» **YOUR OBJECTIVE**
Each line from the one with "this 600×593 image." through the last line below must be written out exactly. Do not copy pictures.

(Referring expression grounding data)
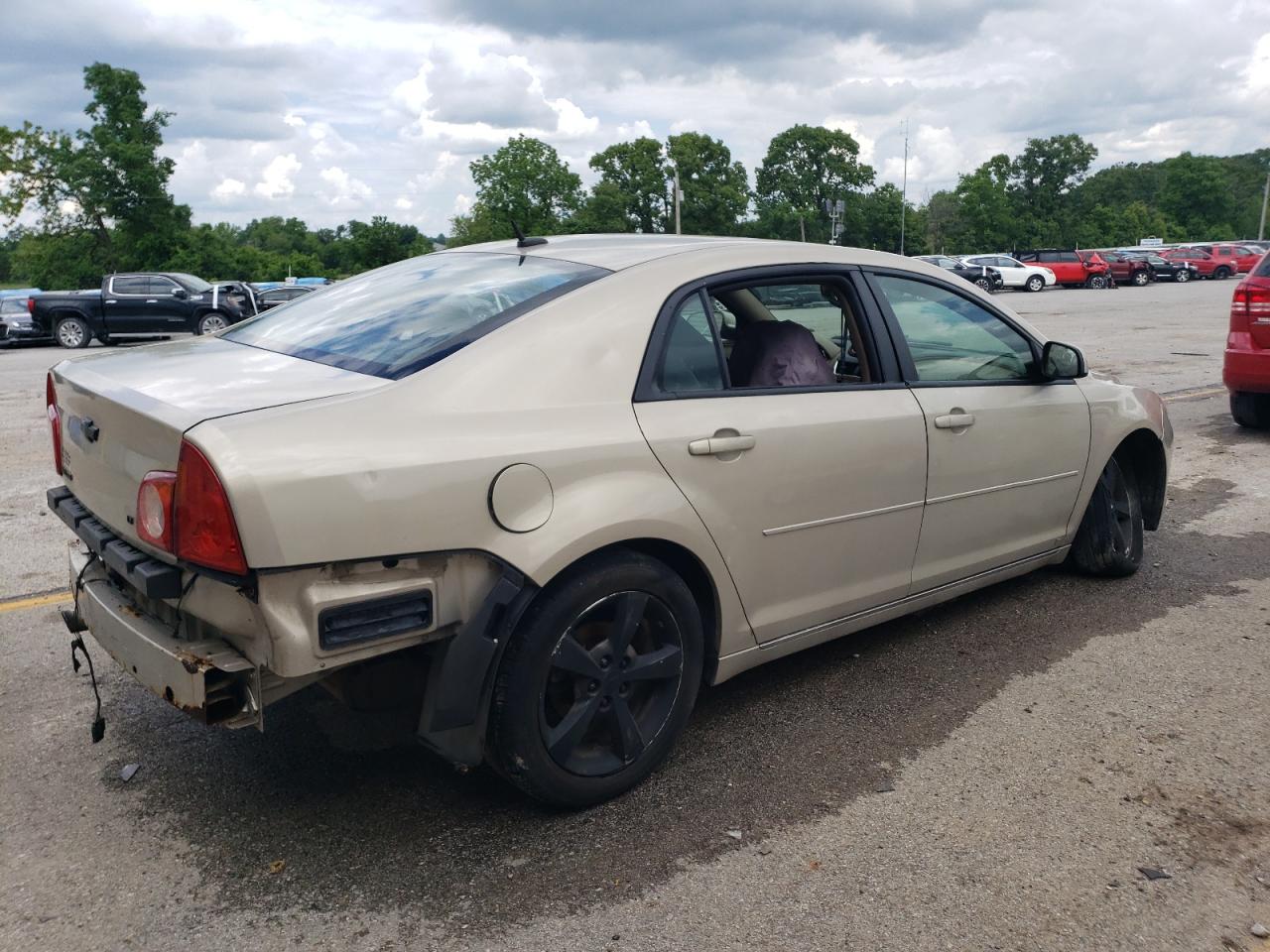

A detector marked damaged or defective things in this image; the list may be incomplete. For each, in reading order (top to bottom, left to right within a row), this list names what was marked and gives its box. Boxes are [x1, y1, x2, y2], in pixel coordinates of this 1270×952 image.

damaged beige sedan [45, 236, 1175, 801]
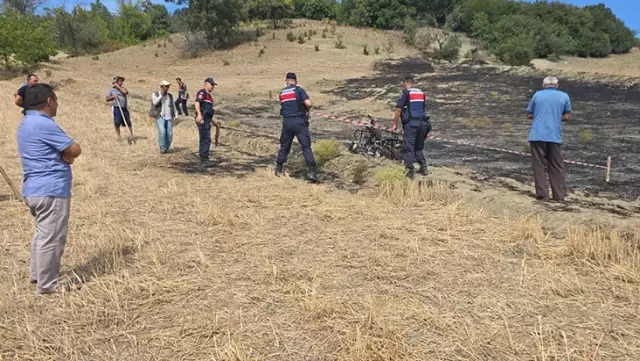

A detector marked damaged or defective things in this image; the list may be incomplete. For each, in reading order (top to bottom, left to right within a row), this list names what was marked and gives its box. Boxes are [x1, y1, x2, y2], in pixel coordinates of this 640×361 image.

burnt quad bike [348, 114, 402, 160]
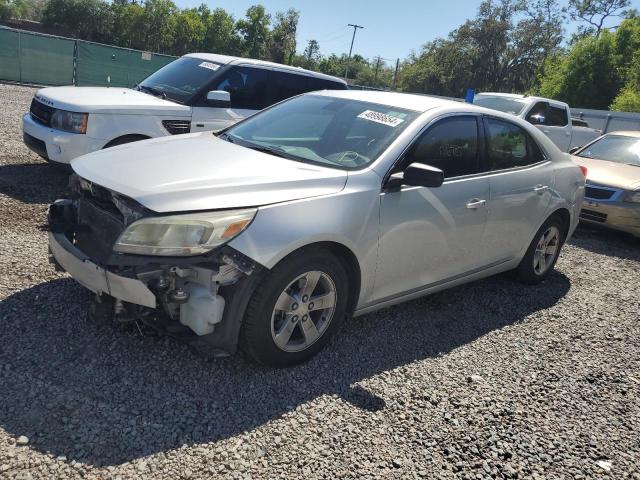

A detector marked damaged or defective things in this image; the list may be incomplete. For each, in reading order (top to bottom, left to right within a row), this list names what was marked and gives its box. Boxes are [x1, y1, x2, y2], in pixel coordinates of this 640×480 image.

exposed headlight assembly [51, 108, 87, 132]
hood with dent [34, 86, 190, 116]
hood with dent [72, 132, 348, 213]
hood with dent [568, 155, 640, 190]
exposed headlight assembly [114, 209, 256, 256]
crushed front end [47, 174, 262, 354]
damaged front bumper [47, 192, 262, 356]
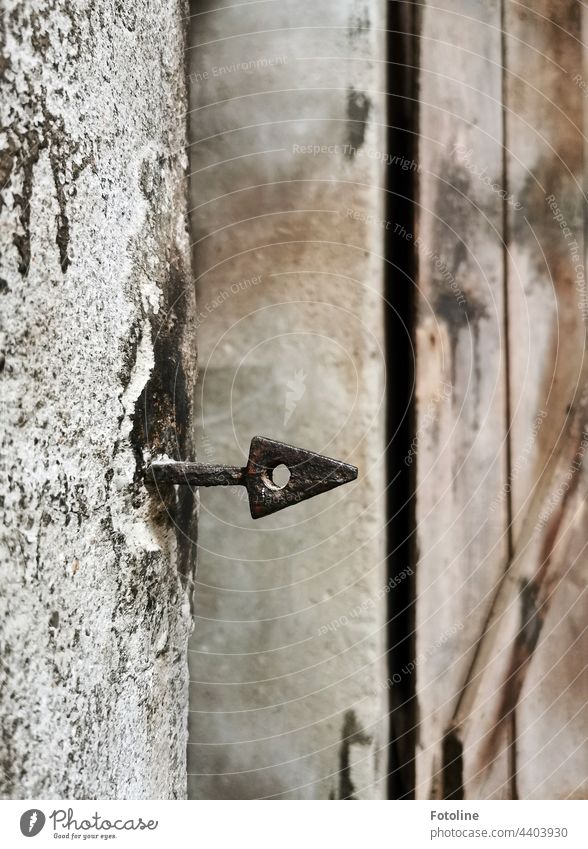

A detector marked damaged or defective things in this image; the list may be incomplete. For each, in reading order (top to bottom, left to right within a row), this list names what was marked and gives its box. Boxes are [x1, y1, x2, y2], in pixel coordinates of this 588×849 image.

rusted iron spike [147, 438, 358, 516]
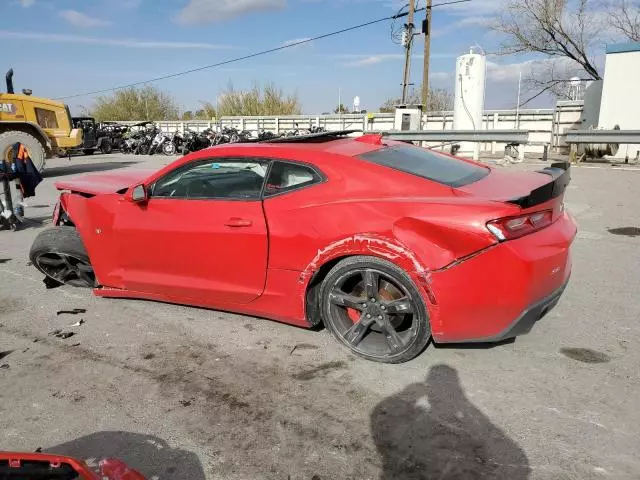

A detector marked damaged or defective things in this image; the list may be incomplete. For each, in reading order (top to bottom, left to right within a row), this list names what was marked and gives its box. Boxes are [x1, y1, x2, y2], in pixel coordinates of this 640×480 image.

detached wheel [0, 130, 46, 173]
detached wheel [30, 226, 97, 286]
damaged red camaro [30, 132, 576, 364]
detached wheel [320, 256, 430, 362]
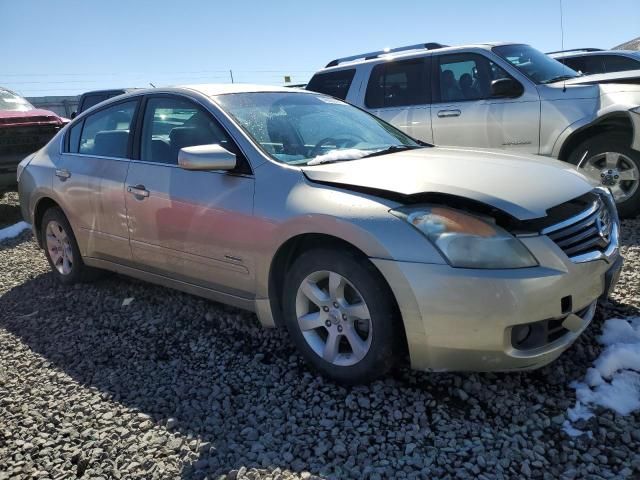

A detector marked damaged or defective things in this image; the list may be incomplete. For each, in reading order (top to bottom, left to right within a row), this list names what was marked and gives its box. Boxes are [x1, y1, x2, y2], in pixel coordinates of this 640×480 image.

crumpled hood [302, 147, 592, 220]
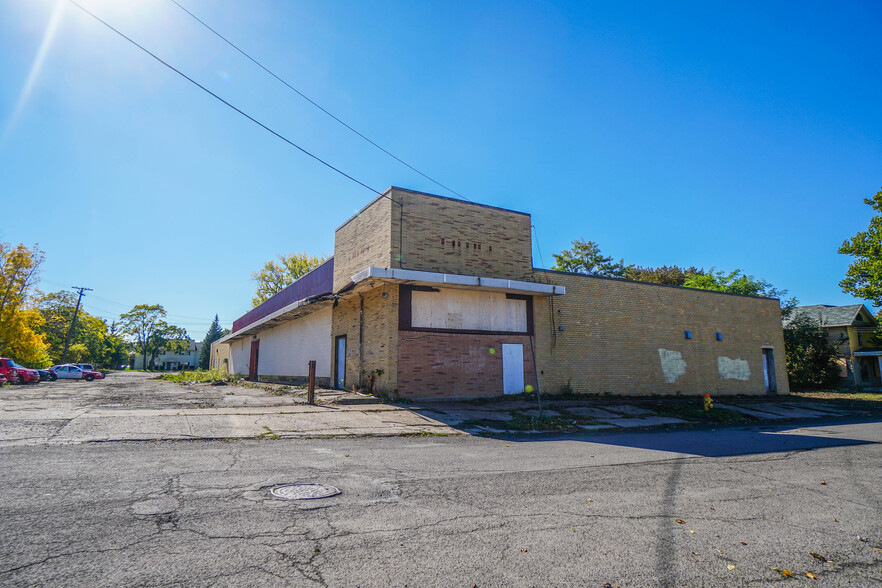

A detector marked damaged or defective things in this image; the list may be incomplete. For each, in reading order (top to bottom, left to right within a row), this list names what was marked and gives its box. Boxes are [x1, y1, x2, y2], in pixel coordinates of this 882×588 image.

cracked asphalt [0, 420, 876, 584]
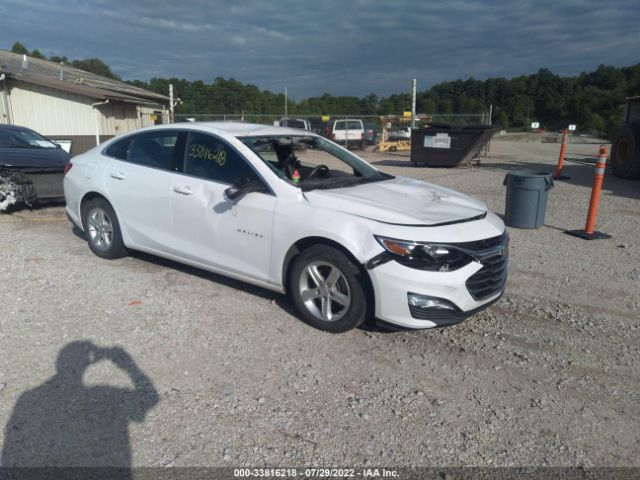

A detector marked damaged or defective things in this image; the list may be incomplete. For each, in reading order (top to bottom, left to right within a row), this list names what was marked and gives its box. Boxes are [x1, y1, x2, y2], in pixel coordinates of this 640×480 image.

damaged dark car [0, 124, 69, 211]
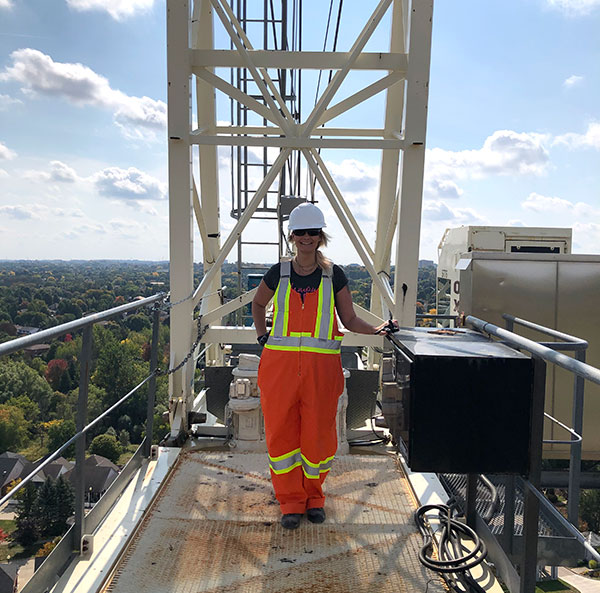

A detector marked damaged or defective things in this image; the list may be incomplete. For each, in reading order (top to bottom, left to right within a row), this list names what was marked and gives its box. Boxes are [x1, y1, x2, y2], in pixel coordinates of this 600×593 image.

rusty metal surface [101, 448, 442, 592]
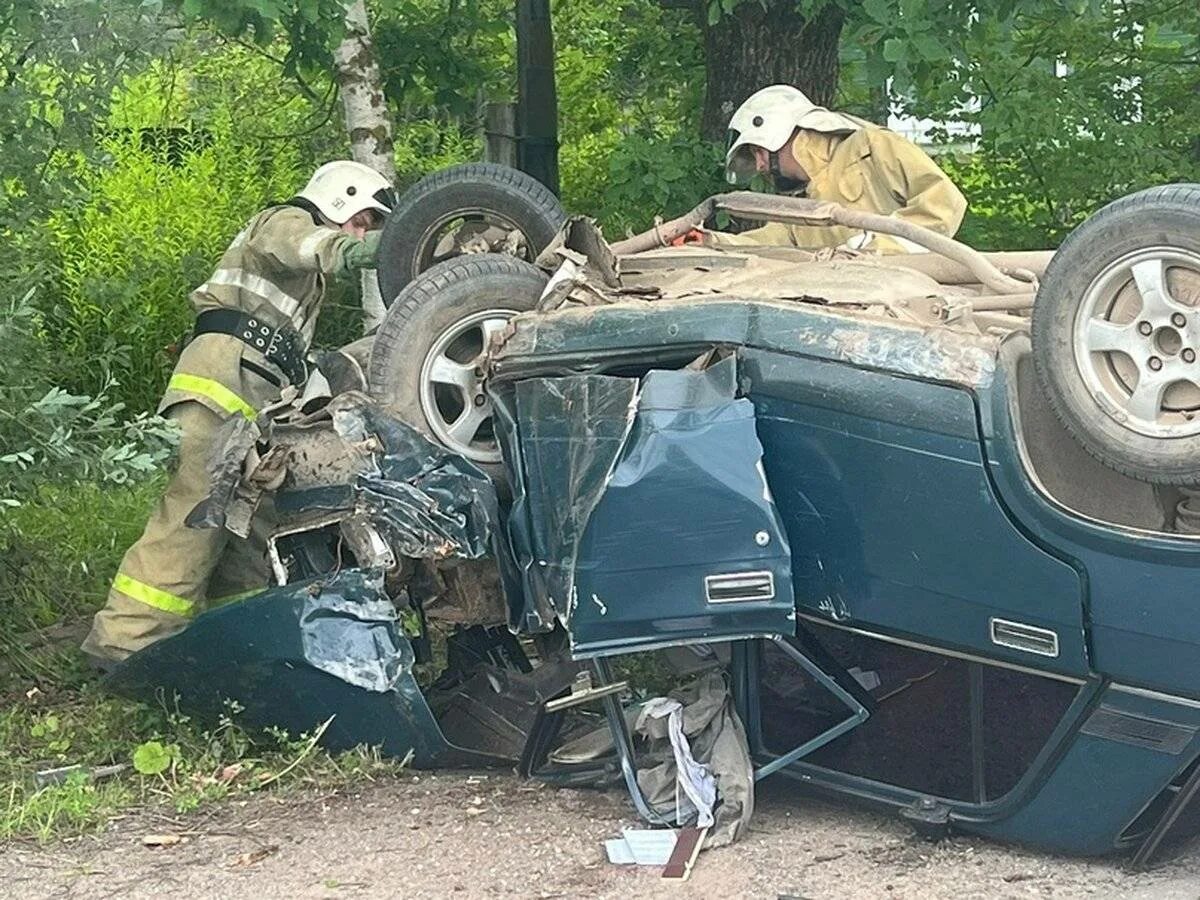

» **WRITTEN ANSWER**
A detector marked damaged or defective things in this image; the list may be incomplete. For each, in reading order (top to bottom, left to right within a row), this list names what was marked and gives its box. Boxes are [x1, y1, x2, y2], in pixel coordinates of this 600×593 image.

rusty metal surface [101, 448, 442, 592]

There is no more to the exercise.